SQL 2008 replication error ” retrying command or the process is running and waiting for a response from the server “
Posted by rahmanagoro on August 26, 2010
I was working with SQL 2008 replication and on checking replication monitor, I noticed that on the distribution agent for one of the databases, it had a retrying command status.
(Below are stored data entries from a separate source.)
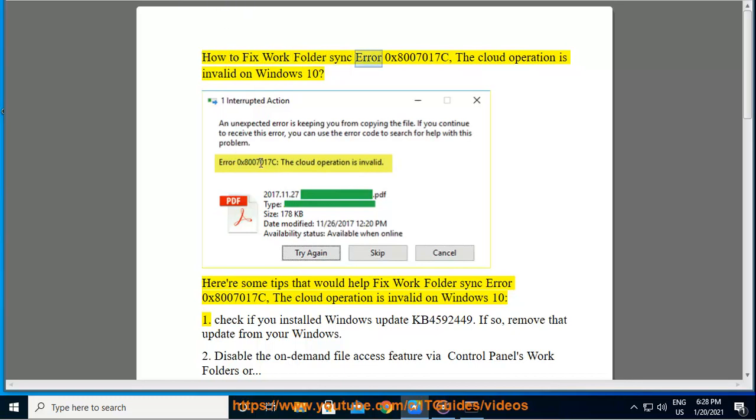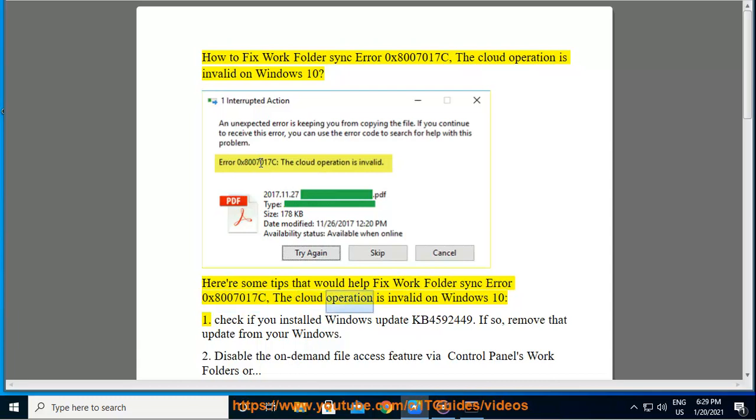How to fix Work Folder Sync Error 0x8007017C, the cloud operation is invalid on Windows 10. Here are some tips that would help fix Work Folder Sync Error 0x8007017C, the cloud operation is invalid on Windows 10.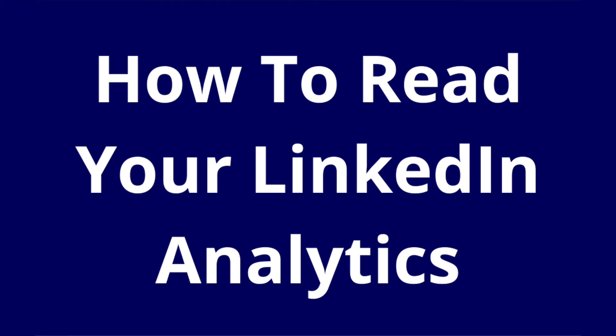In this video, we are going to go over how to find your Instagram analytics and also how to read them. They're very simple, really, and you just need to look at a few things.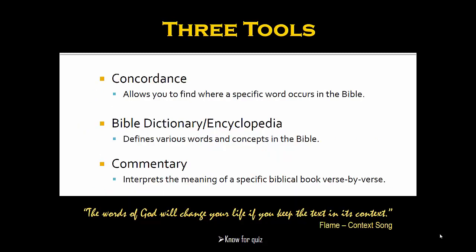Proper exegesis is aided by three tools. The concordance catalogs every word in the Bible and shows you where that particular word appears, also citing the verse to provide context. The second tool is the Bible dictionary, or Bible encyclopedia — these define a variety of words, terms, or concepts, like a regular dictionary or encyclopedia. The third tool is the commentary, which discusses each book of the Bible verse by verse. These are good for in-depth Bible study and give you insights into the genre, historical background, and theological relevance.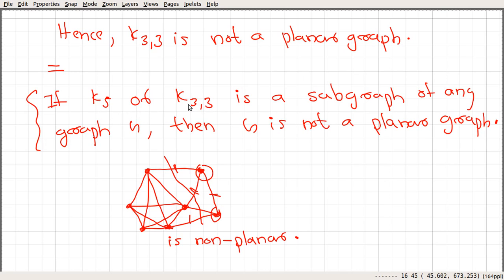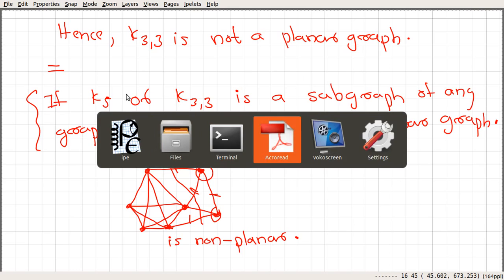These two graphs are important. In the next video, we will prove another statement, and after that we will prove the characterization of planar graphs.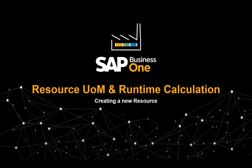In this clip we are going to define a resource unit of measure and run time for the new cutting machine resource master record.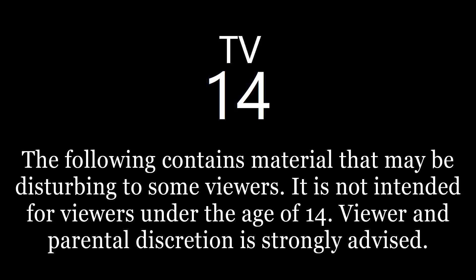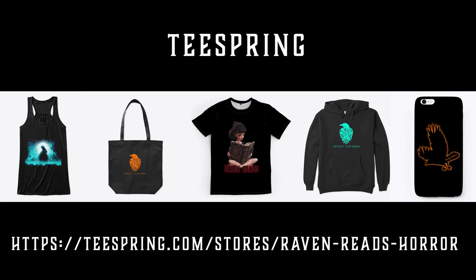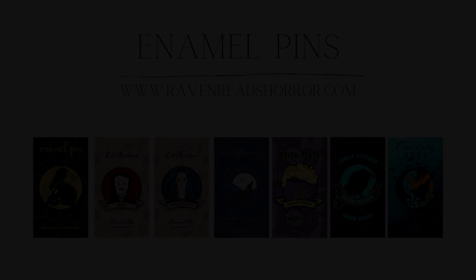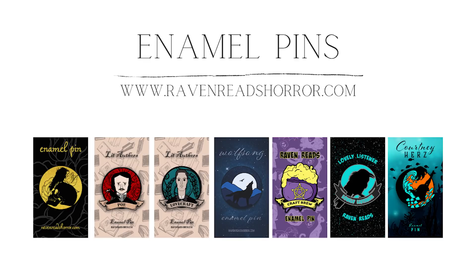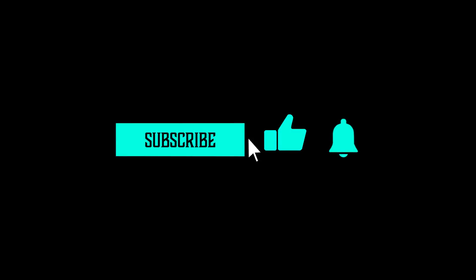Good evening, lovely listeners, and welcome back to Raven Reads. I'm Raven, and before we get going with tonight's stories, I just wanted to remind you that you can go to ravenreadshorror.com and peruse the enamel pins, art prints, mugs, and apparel that I have there, as well as some other cool things. If you're interested in gaming, digital art, or fine art, I have channels for those as well that are always linked down in the video description. Thank you as always to the patrons of this channel for their generous support. With that out of the way, you know what time it is. It's time to grab your gear, get a beverage of choice, get comfortable, and get ready to take another journey into the night.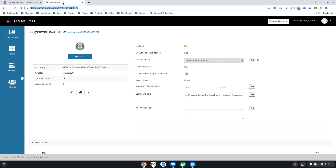Hi, I'm Dustin from Cameo, and today we're going to show you how easy it is to force install and pin apps to your user's taskbars from within Google Admin Console.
I further looked into it to see what the problem was, here I can see that the distribution agent had become stucked whilst trying to send commands to the subscriber. The first thing that came to my mind was, “what is happening with the subscriber ? ”
use master GO sp_who2 active
I was able to see that there is a blocking spid at the moment, which is coming from my distributor. So what must have happened here is that, as a snapshot was being delivered to the subscriber, objects such as stored procedures and functions were also being delivered as well, thereby causing a deadlock to occur.
To confirm this, I ran the code below to check for replication errors.
select * from distribution..MSrepl_errors
I had entries like
1092 2010-08-01 00:35:16.560 0 0 MSSQL_ENG HYT00 Query timeout expired 0x0001262200000210000100000002 1 0
1092 2010-08-01 00:35:16.557 0 1 MSSQL_ENG if @@trancount > 0 rollback tran 0x0001262200000210000100000002 1 0
On the subscriber, I confirmed the locking scenario by looking at the wait type for the replication SPID, and it was a LCK_M_S wait type, which confirmed it was a deadlocking situation.
I also ran a deadlocking detail script as well.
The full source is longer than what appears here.